Michał Marian Walicki (8 August 1904 in St. Petersburg – 22 August 1966 in Warsaw) was a Polish art historian and professor at the Warsaw University of Technology and School of Fine Arts (later Academy of Fine Arts in Warsaw).
From 1924 to 1929, Walicki studied art history at the University of Warsaw, where he also wrote his PhD thesis. In 1934 he was appointed associate professor and in 1937 full professor of art history. He worked at the Department of Polish Architecture at the Warsaw Technical University, at the Warsaw School of Fine Arts (later the Academy of Fine Arts in Warsaw), at the National Museum, Warsaw, where he was curator of the Gallery of Foreign Painting, and at the Art History Institute of the University of Warsaw.
According to Juliusz Chrościcki, Walicki was a great art historian.[1] He was a consummate connoisseur of seventeenth-century Dutch painting and Polish Gothic painting, and wrote, as author or co-author, many publications devoted to Polish and foreign painting. He also promoted the popularization of, and education through, art, as he could write about art in a manner accessible and understandable to all.

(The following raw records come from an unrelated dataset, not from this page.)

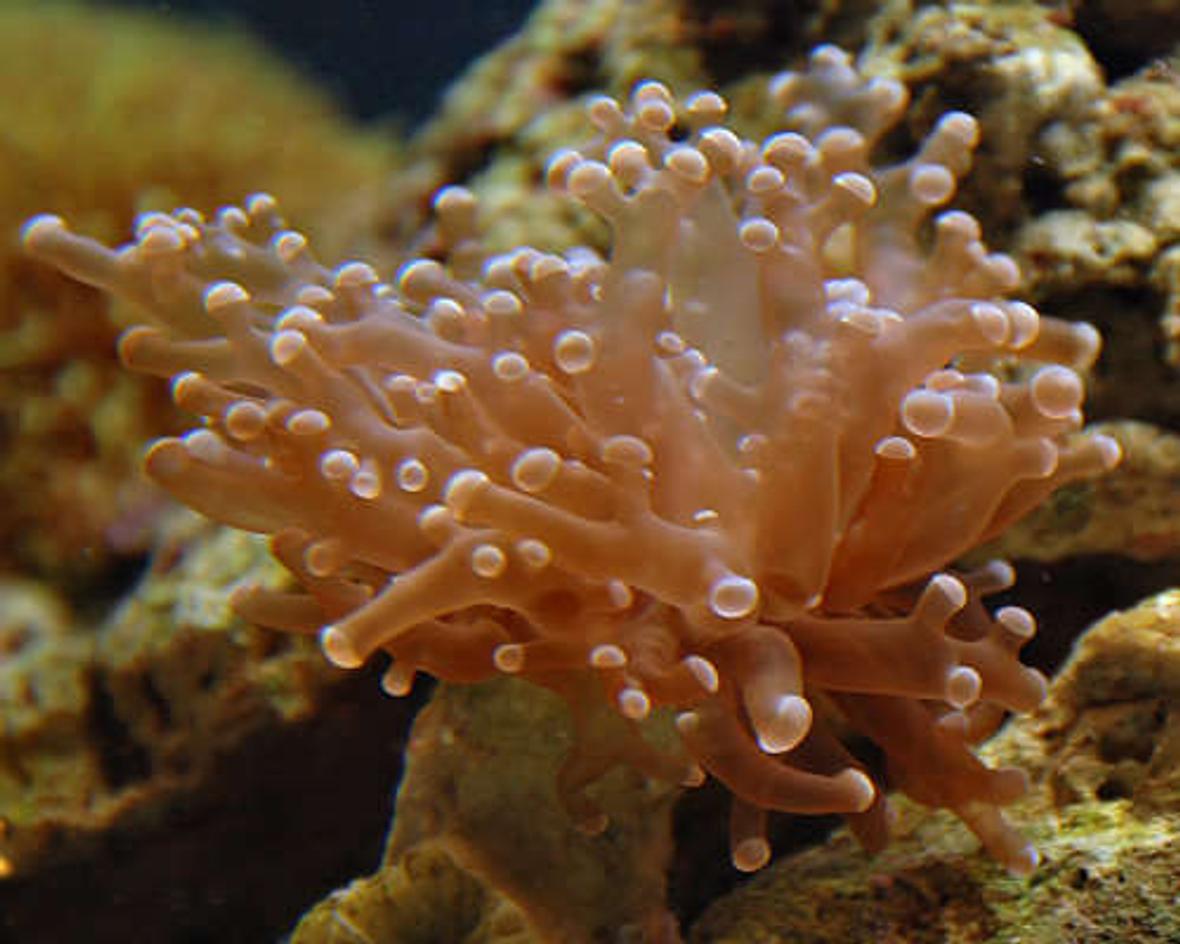 corals inverts - euphyllia paradivisa - frogspawn coral stocking in 29 gallons tank - Frogspawn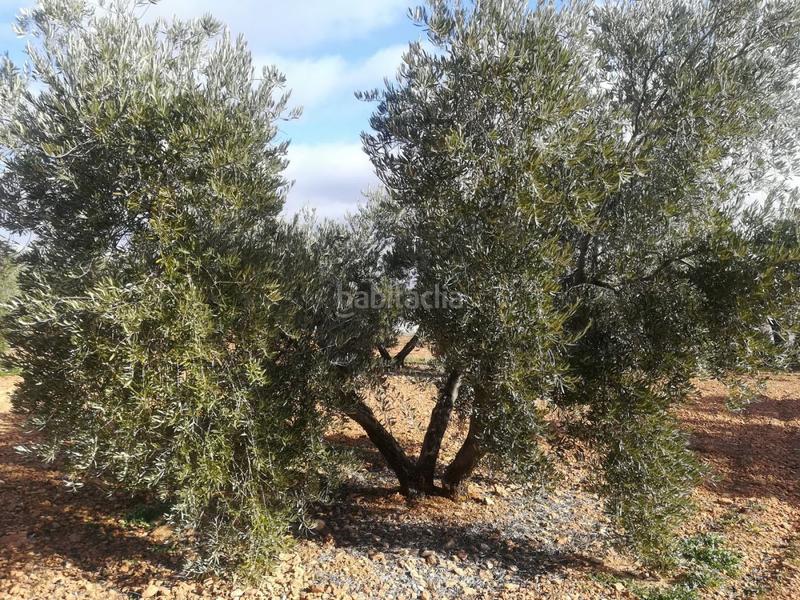 Foto e6e1796d-1670-4fb5-8e9c-5cbe398e4f78. Rural plot in Valdepeñas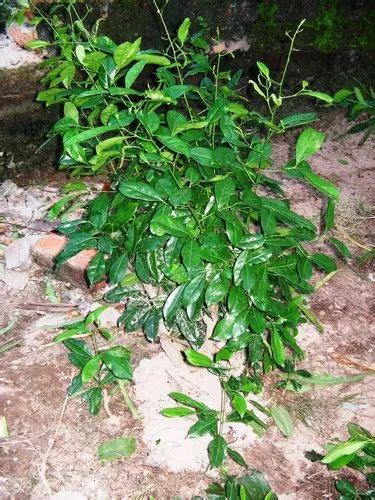 Manufacturer of Indian Spice & Herbal Medicine For Immune System by ...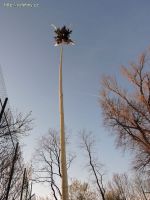 dscn3637.jpg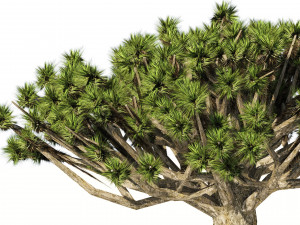 Dracaena dragon blood trees 3D Model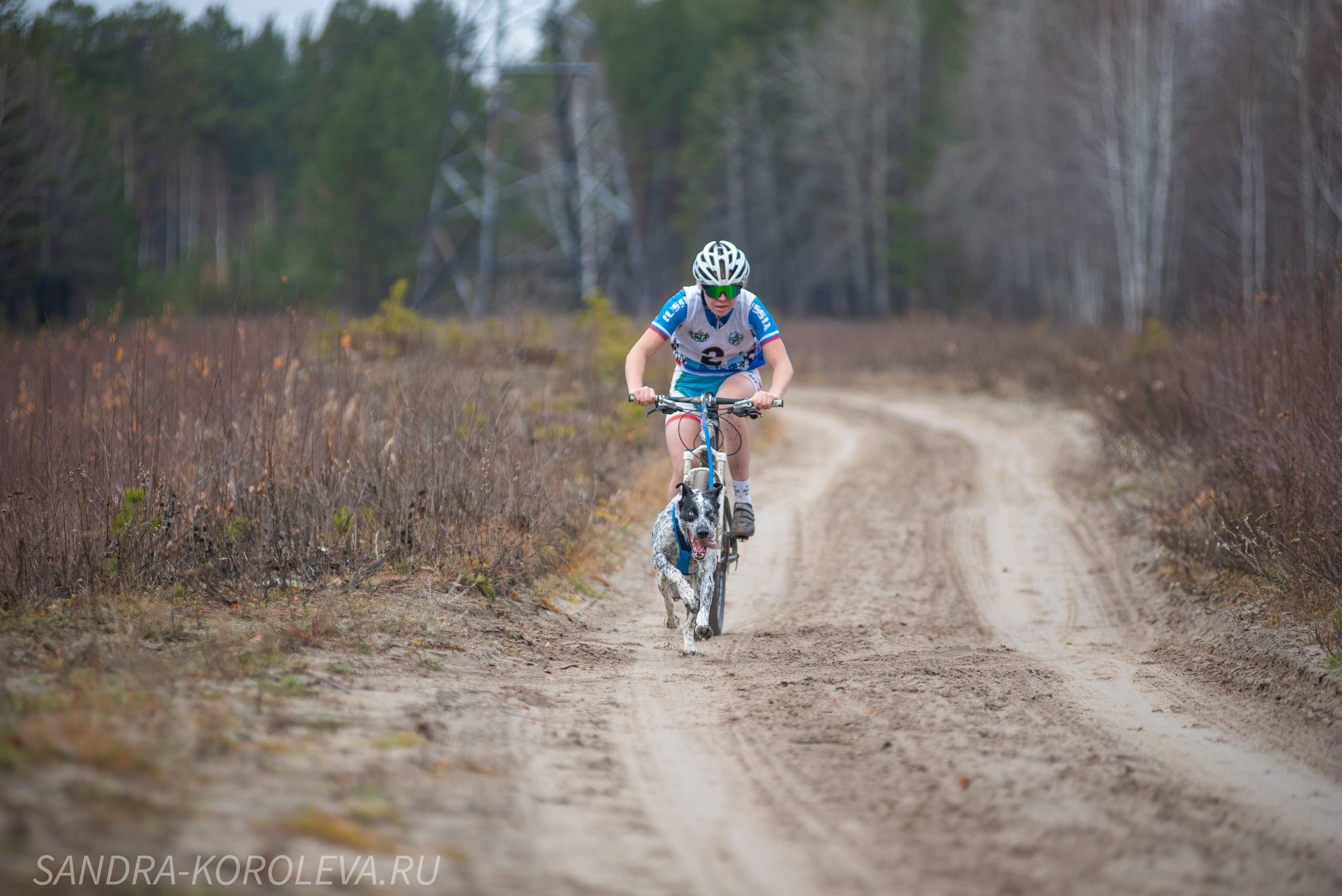 Спринт-гонка «Закрытие сезона» 24.10.2021. Дог-фотограф в Тюмени Александра Королева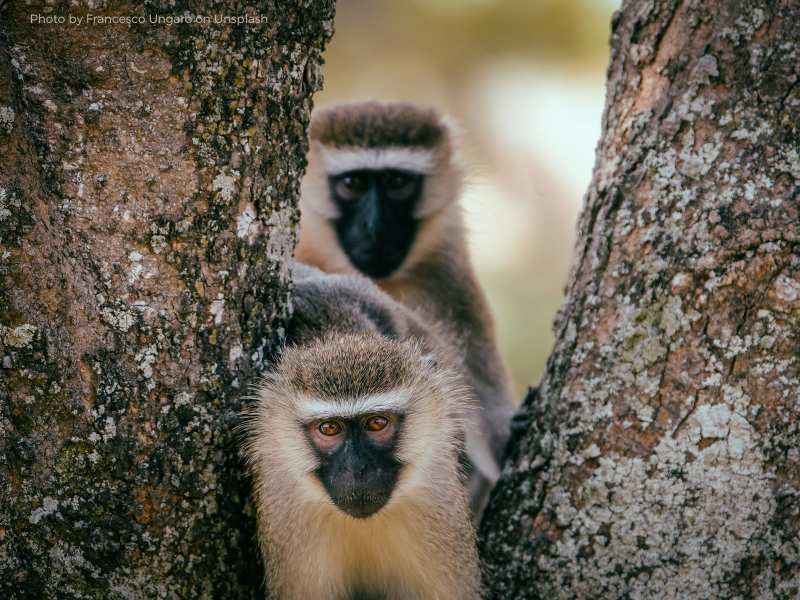 Wie du am besten mit seinen Flying Monkeys umgehst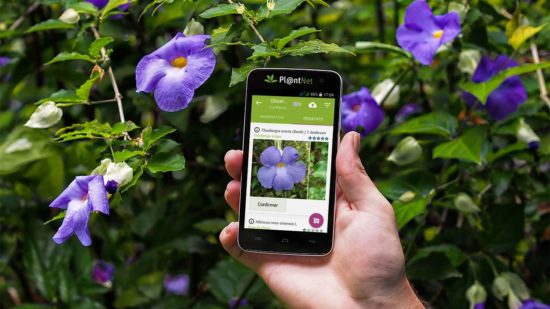 PlantNet : identifier une plante avec votre smartphone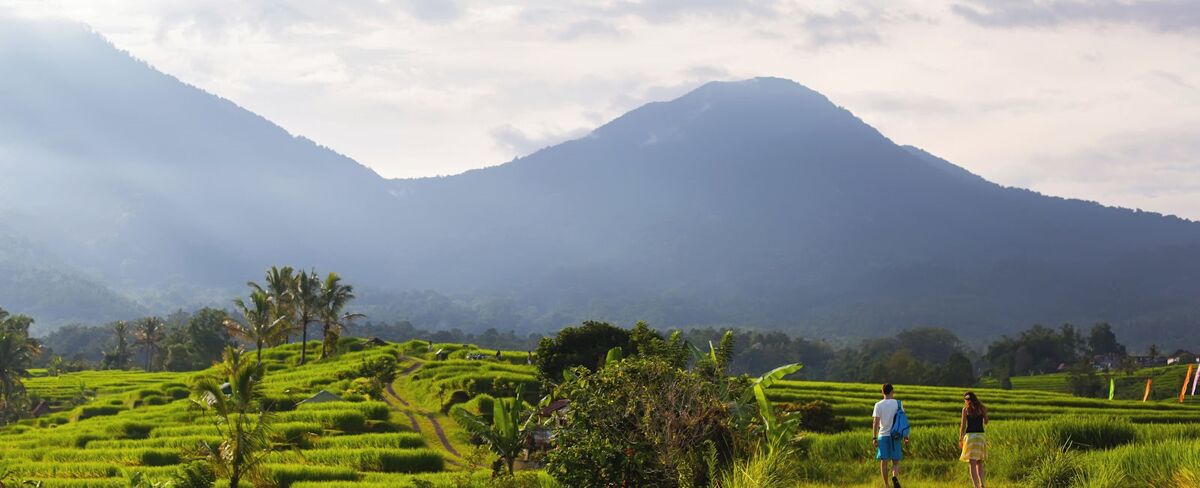 Ubud, main image of rice paddies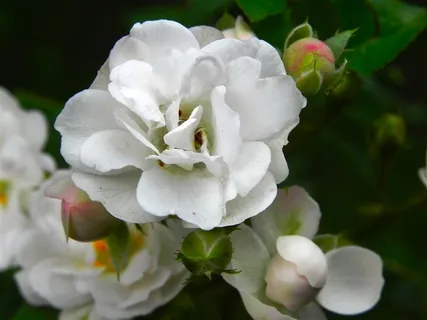 白色花朵特写 白色花朵特写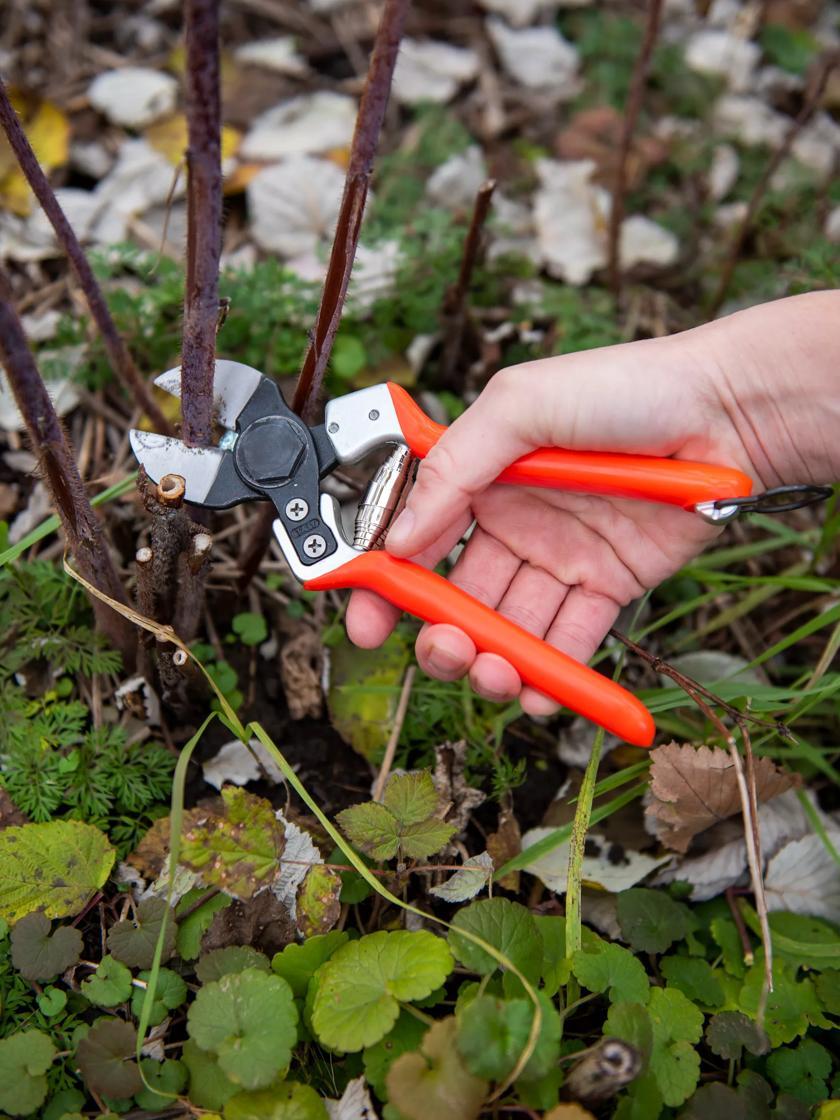 Pruners & Loppers |   Castellari B12 Double-Blade Pruner GARDEN SUPPLIES Pruners & Loppers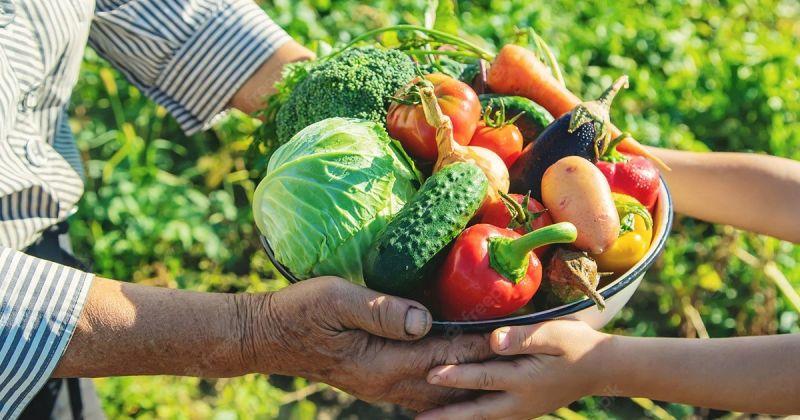 Agricultura familiar terá novo cadastro a partir desta terça-feira...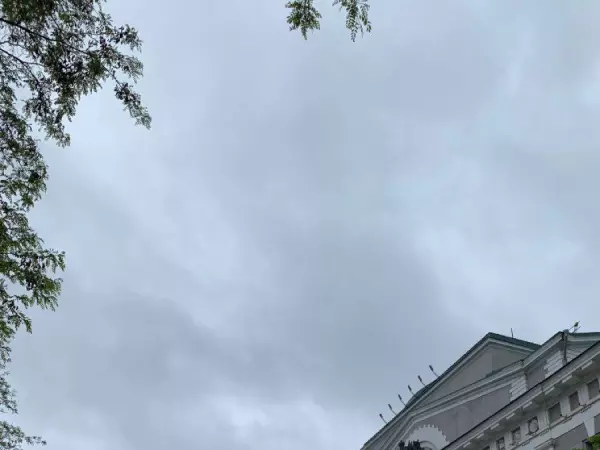 Прохладную и дождливую погоду прогнозируют на выходных в Ростове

Walicki worked at the Department of Polish Architecture of the Warsaw Technical University in 1929–1936 and at the Academy of Fine Arts in Warsaw in 1932–1939 and 1945–1949, he was awarded by the Officer's Cross of the Order of Polonia Restituta in 1947.
Walicki's most famous student was Jan Białostocki. In his younger years, the latter worked as an assistant to Walicki at the National Museum, Warsaw, and, as an unpaid assistant, also at the University of Warsaw in Walicki's Institute of Medieval Art History.[2] In 1957, Walicki and Białostocki wrote an overview of the history of painting collecting in Poland.[3]
In 1949 Walicki was arrested and imprisoned till 1953 on the grounds of both false accusations and a fabricated evidence.